> TASK REQUIREMENTS: The response should repeat word for word every line below from the one with "Scaun auto Allegra" to the one with "Watch: Zookeeper dresses", inclusive, and nothing else; leave pictures out.

> DATA LISTING:
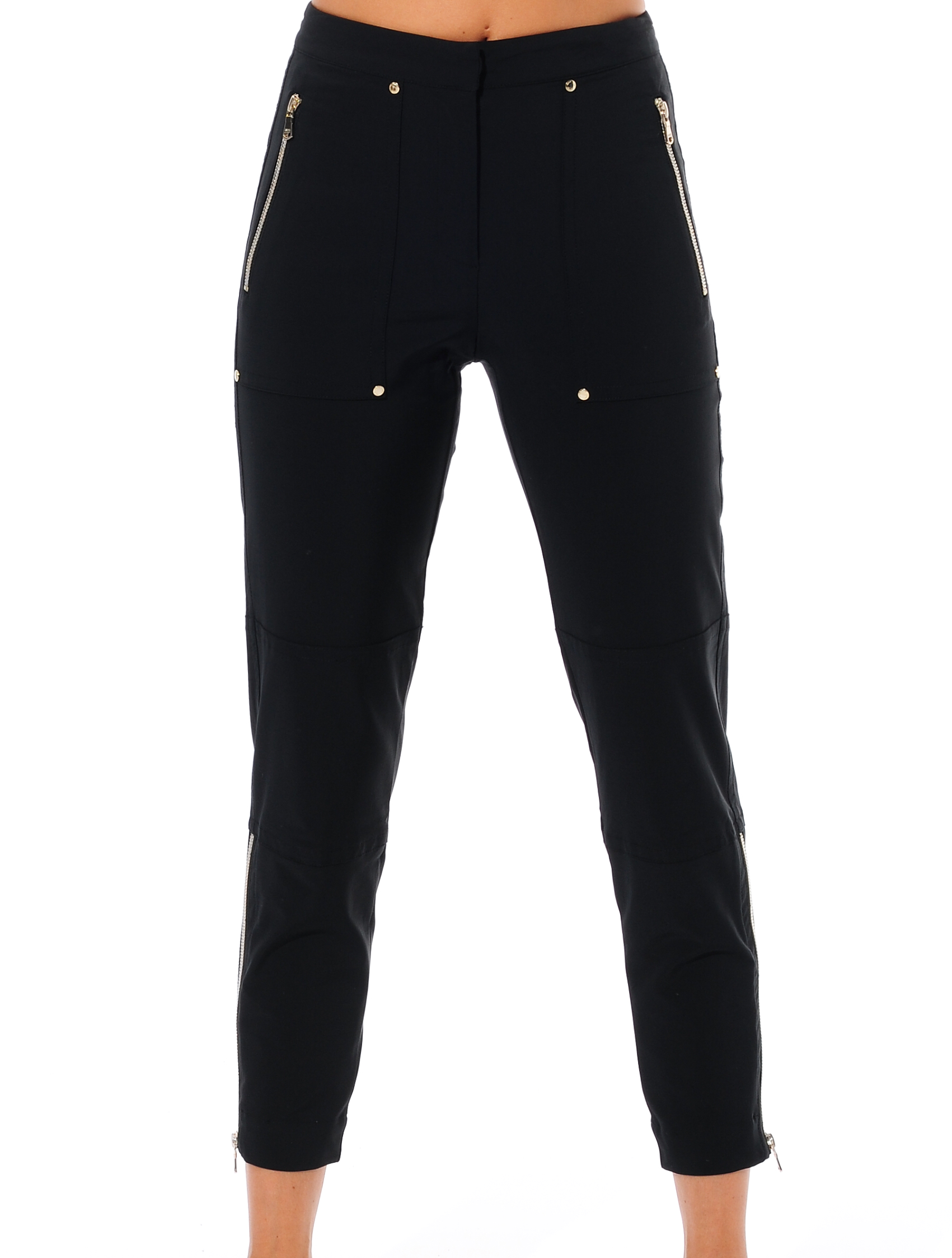 4way Stretch Tapered Fit Cargo Pants black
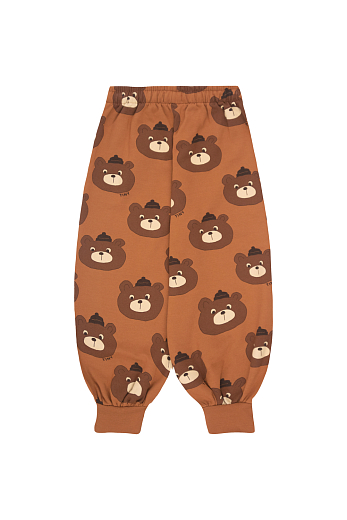 Джоггеры Brown Bears от бренда Tinycottons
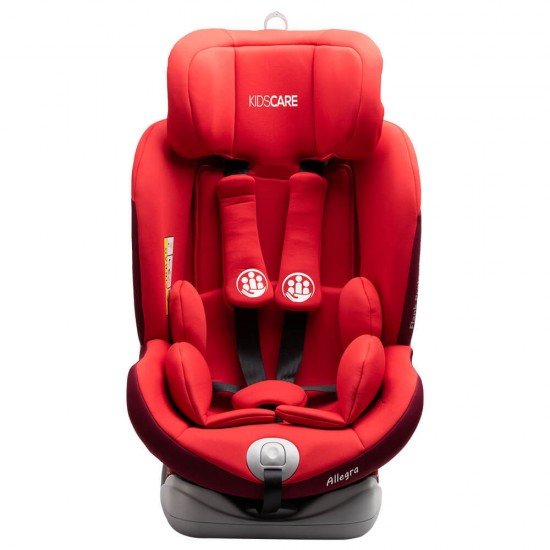 Scaun auto Allegra rotativ cu Isofix 0-36kg rosu KidsCare
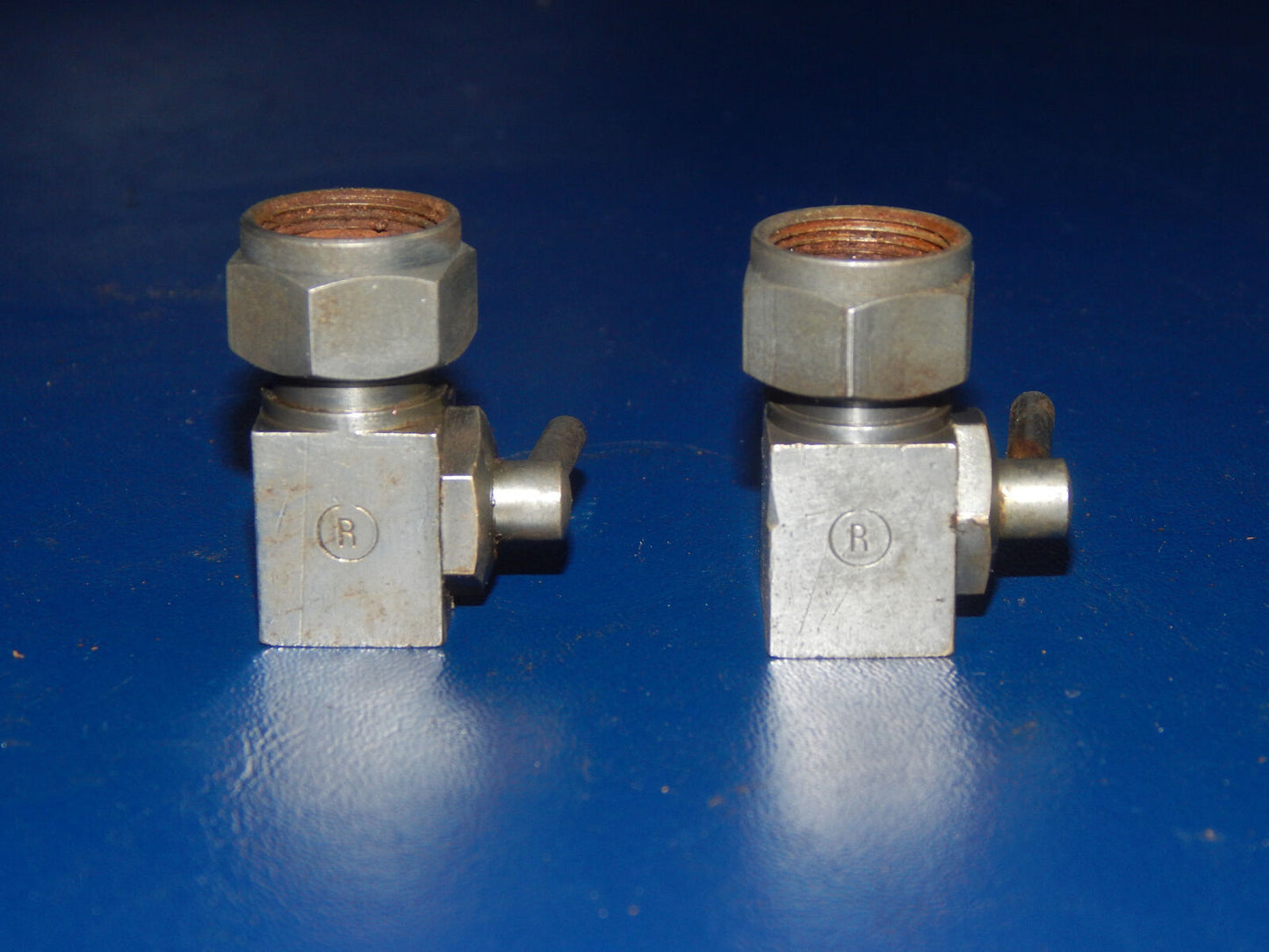 1pr 1970's KTM PENTON 125 175 250 400 ORLANDI R2090/1 PETCOCK FUEL VALVE - MotoRaider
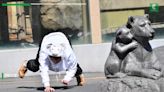 Watch: Zookeeper dresses as white tiger for escape drill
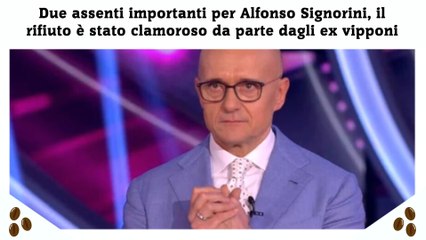 Due assenti importanti per Alfonso Signorini, il rifiuto è stato clamoroso da parte dagli ex vipponi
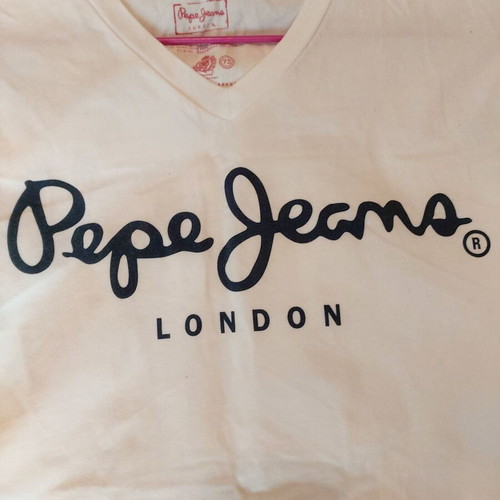 Men's Pepe Jeans original T-shirt like new, white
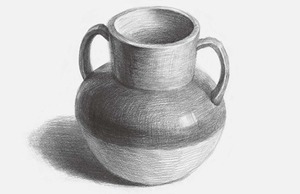 素描陶罐的画法解析图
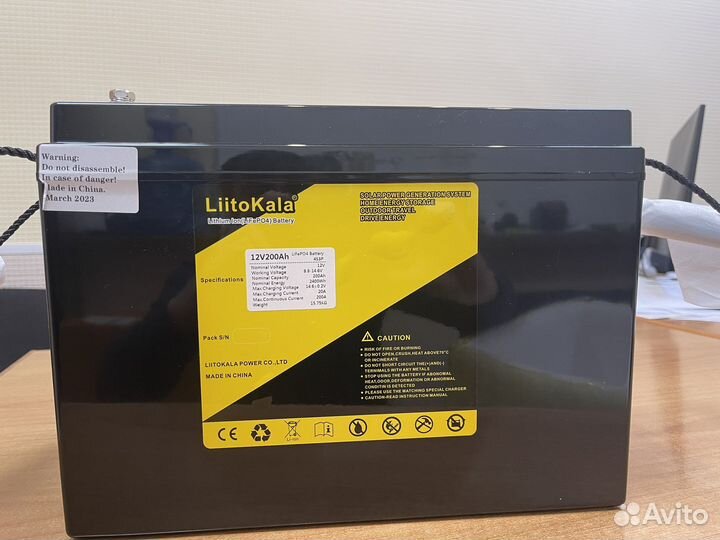 Аккумулятор для лодки lifepo4 12V 200 Ампер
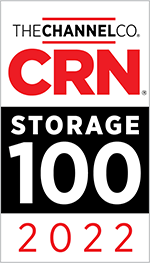 2022 CRN Storage 100 Award logo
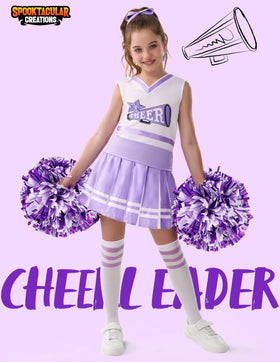 Purple Cheerleader Costume for Girls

> WRITTEN RESPONSE:
 Scaun auto Allegra rotativ cu Isofix 0-36kg rosu KidsCare
 1pr 1970's KTM PENTON 125 175 250 400 ORLANDI R2090/1 PETCOCK FUEL VALVE - MotoRaider
 Watch: Zookeeper dresses as white tiger for escape drill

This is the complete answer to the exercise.